- Task instructions -
In the entries below, which lines run from the one containing "2023 Longstar New" to the one containing "Fortnite Dance Moves"? Copy exactly those lines, ends included, and no others.

- Supplied data -
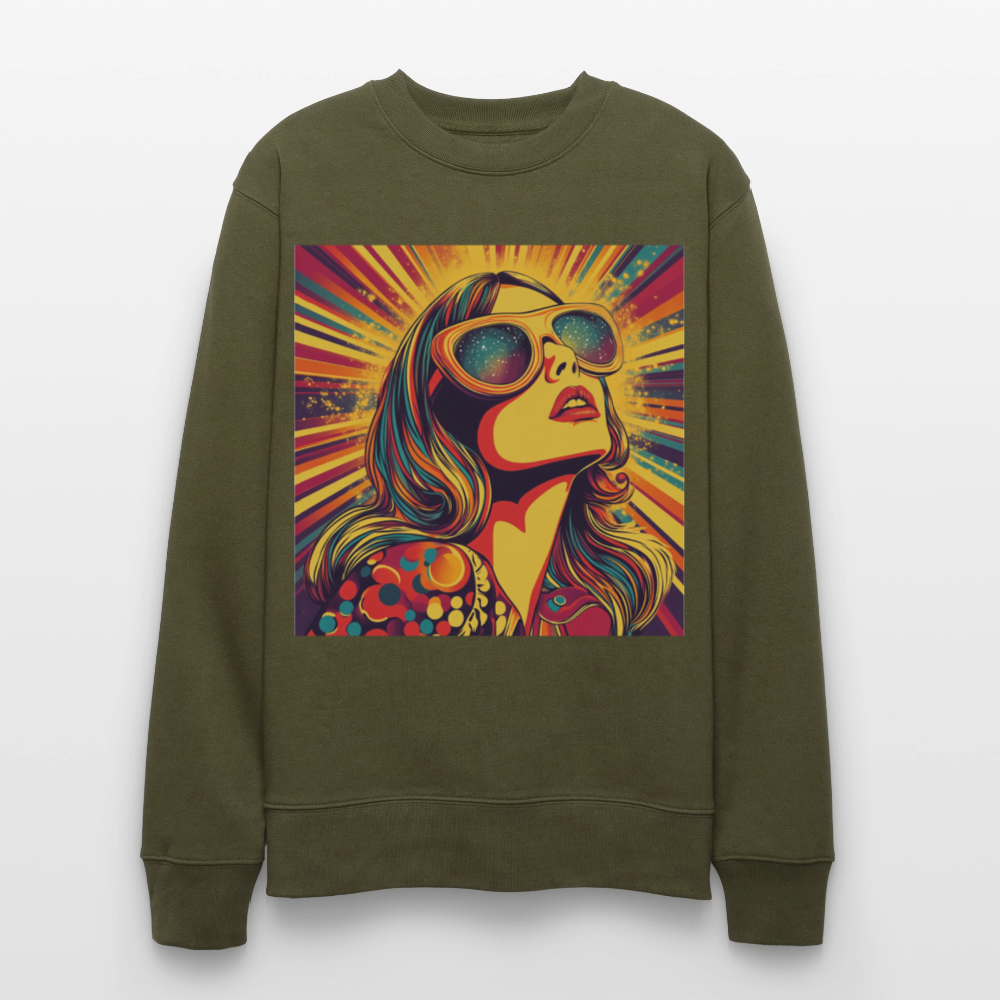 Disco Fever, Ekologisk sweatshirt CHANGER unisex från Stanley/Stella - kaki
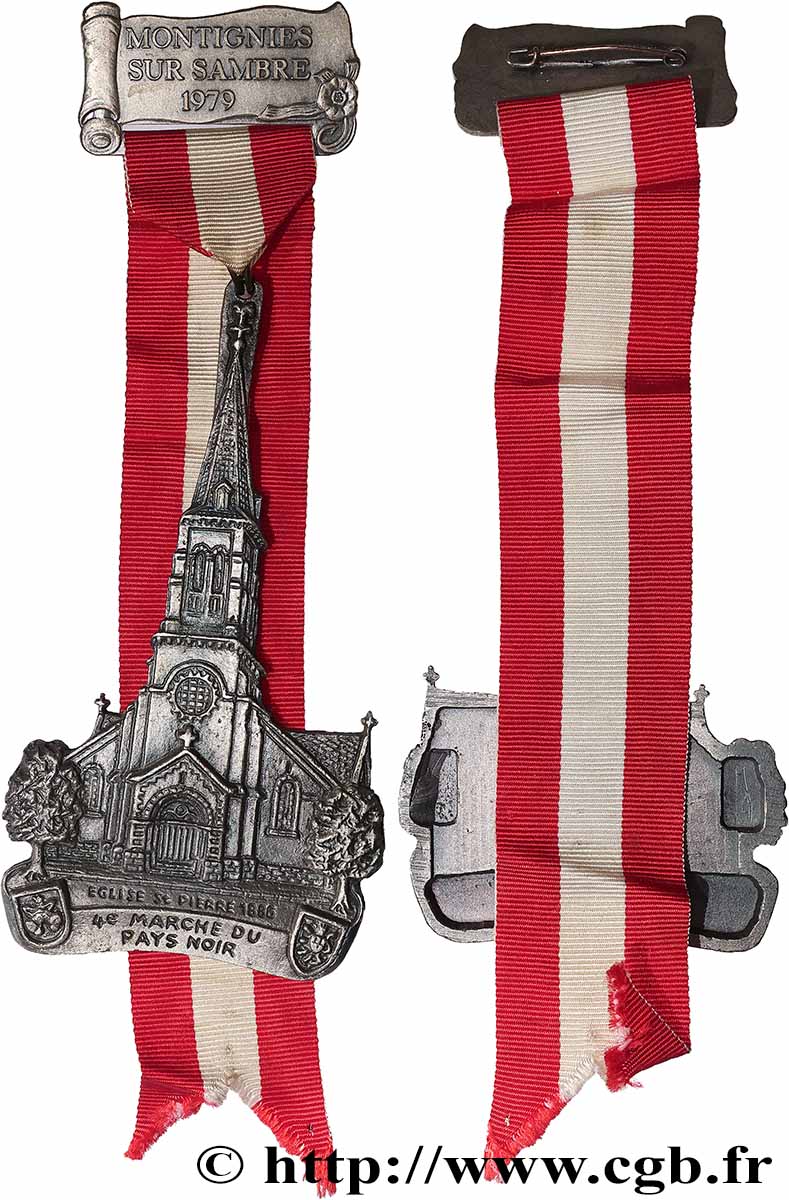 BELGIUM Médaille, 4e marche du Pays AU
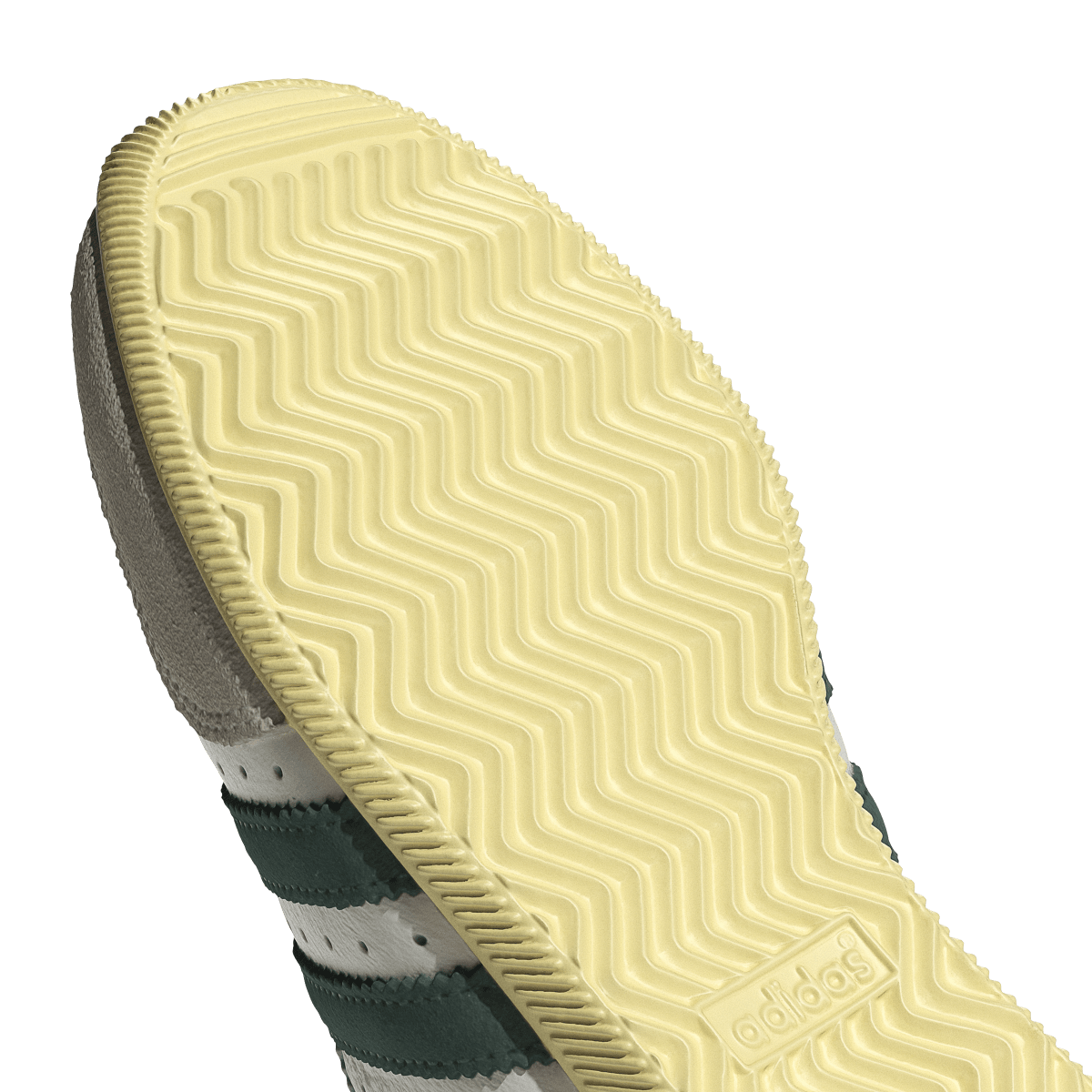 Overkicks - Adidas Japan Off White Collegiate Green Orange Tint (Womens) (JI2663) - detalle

--

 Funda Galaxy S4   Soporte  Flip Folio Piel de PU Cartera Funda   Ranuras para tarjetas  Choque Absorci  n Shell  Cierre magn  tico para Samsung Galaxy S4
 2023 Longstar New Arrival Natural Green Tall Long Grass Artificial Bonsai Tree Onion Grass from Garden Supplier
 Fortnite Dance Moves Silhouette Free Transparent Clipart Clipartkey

- Your solution -
 2023 Longstar New Arrival Natural Green Tall Long Grass Artificial Bonsai Tree Onion Grass from Garden Supplier
 Fortnite Dance Moves Silhouette Free Transparent Clipart Clipartkey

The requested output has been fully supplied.